El teléfono inteligente ha perdido la conexión, y no consigue mostrar su ubicación actual ni predecir el estado del tiempo. Queda disminuido a cámara de fotos. Va hasta el que era su cuarto y cuando abre el escaparate, se reencuentra con casi toda la ropa que no pudo llevarse. Colgada, doblada, a la espera. Su tía entra y le dice que regaló los ajustadores a su vecina, maestra retirada, que no tenía. Ella asiente en señal de aprobación, pues le costaría hablar ahora. Lo otro pasó a su hermana como ella dejó indicado.

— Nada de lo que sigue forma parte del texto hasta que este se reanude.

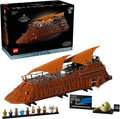 LEGO Star Wars Jabbas Sail Barge Building Sets for Adults Star Wars Ship Collectibles Set for Fans Building Kit with 450 Pieces 11 Minifigures Gifts for Men Women 75397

El escaparate le respira un olor perdido. Un olor a muchacha. También ve el espejo manchado por falta de azogue heredado de la abuela, un bebé de juguete negro con una cinta roja en la cabeza, un pomo de agua bendita vacío. Salen de la casa, que ha comenzado a ahogarla. Le pide al taxista que busque el Malecón y que baje las ventanillas. El aire despeina a su tía que se voltea para decirle que desde que ella se fue, no había vuelto a ver el mar.

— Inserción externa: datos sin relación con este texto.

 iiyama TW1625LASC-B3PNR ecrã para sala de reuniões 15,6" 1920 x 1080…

Se bajan en un restaurante caro, de nombre exótico. Uno de esos a los que no las podía invitar antes. Son las únicas clientes y las reciben como si fueran las condesas de Merlin. Su tía se queja de que ha ido a ese lugar tan elegante en pantuflas, pero ella la tranquiliza mientras la ayuda a subir unas escaleras: nadie se ha fijado en eso, lo único que les importa es que ella pagará. Solicita que abran las ventanas (no quiere nada cerrado) y pueden ver la torre de un viejo convento, del que sabe el nombre aunque decida no mencionarlo. La camarera es amable y dulce, en especial con su tía, lo cual va a premiar con una propina generosa. Han mandado a llamar a un pianista que comienza a tocar las danzas de Ignacio Cervantes, aquel músico que solía reunir dinero desde el exilio para apoyar las luchas por la independencia. Su tía llora con «Ilusiones perdidas».

*

Hace unos inventarios en los que anota lo que hace falta y no llevó esta vez. Revisa los cajones de fotos y escoge algunas. Va hasta los restos de su biblioteca, desterrada al garaje por su madre, y rescata dos libros de su adolescencia: las cartas de amor de Gertrudis Gómez de Avellaneda a Ignacio Cepeda y Lil, la de los ojos color del tiempo. Mide cinturas y corrige las medidas de las plantillas de los pies para mandar zapatos.

Nunca deja que la despidan, del mismo modo que no les avisa para que la esperen. Su madre se encierra en el cuarto llorando. Su tía empequeñecida por sus casi noventa años se para tras la reja del portal. Verla diciéndole adiós con sus manos deformes por la artritis, la destruye. No habla durante el trayecto hasta el aeropuerto.

Al regresar de Cuba, es siempre igual. La recibe un cartel hecho de flores artificiales que reza LOVE. Así empieza una semana de limbos. Son 45 minutos, pero es viajar entre mundos. Atrás quedan gestos simples con que ha podido honrar a la tía  cortarle las uñas de los pies, limpiarle la casa a fondo, llevarla a ver el mar. Pues ver el mar en una isla parece ser una aspiración muy alta.

Descarga todas las fotos del teléfono, pero deja algunas en los álbumes digitales, como esas imágenes que antes habitaban en monederos y billeteras. Regresa a ellas, las amplía, las mueve, encuadra sus ojos, el pelo canoso, el doblez de un dedo. Tiene miedo de que la distancia termine por desdibujarle los detalles y los repasa como quien mira los hitos en un mapa de piel. Luego intercala los libros en una nueva biblioteca post-exilada, babélica y sin concierto. Repasa las notas de su diario de viaje, incluyendo las cuentas de los gastos diarios en que la suma inicial va restándose hasta hacerse cero. Cree que fue Maryse Condé quien dijo que no le interesaba escribir nada que no fuera al final político. Ella no tiene que plantearse ese objetivo: no puede escribir nada sin que termine siéndolo. El trabajo fuerte que le espera va a encargarse del resto: atenuará hasta la nada los últimos vestigios de su resaca sentimental. En un mes, este viaje parecerá de un año atrás, como si no hubiese ido.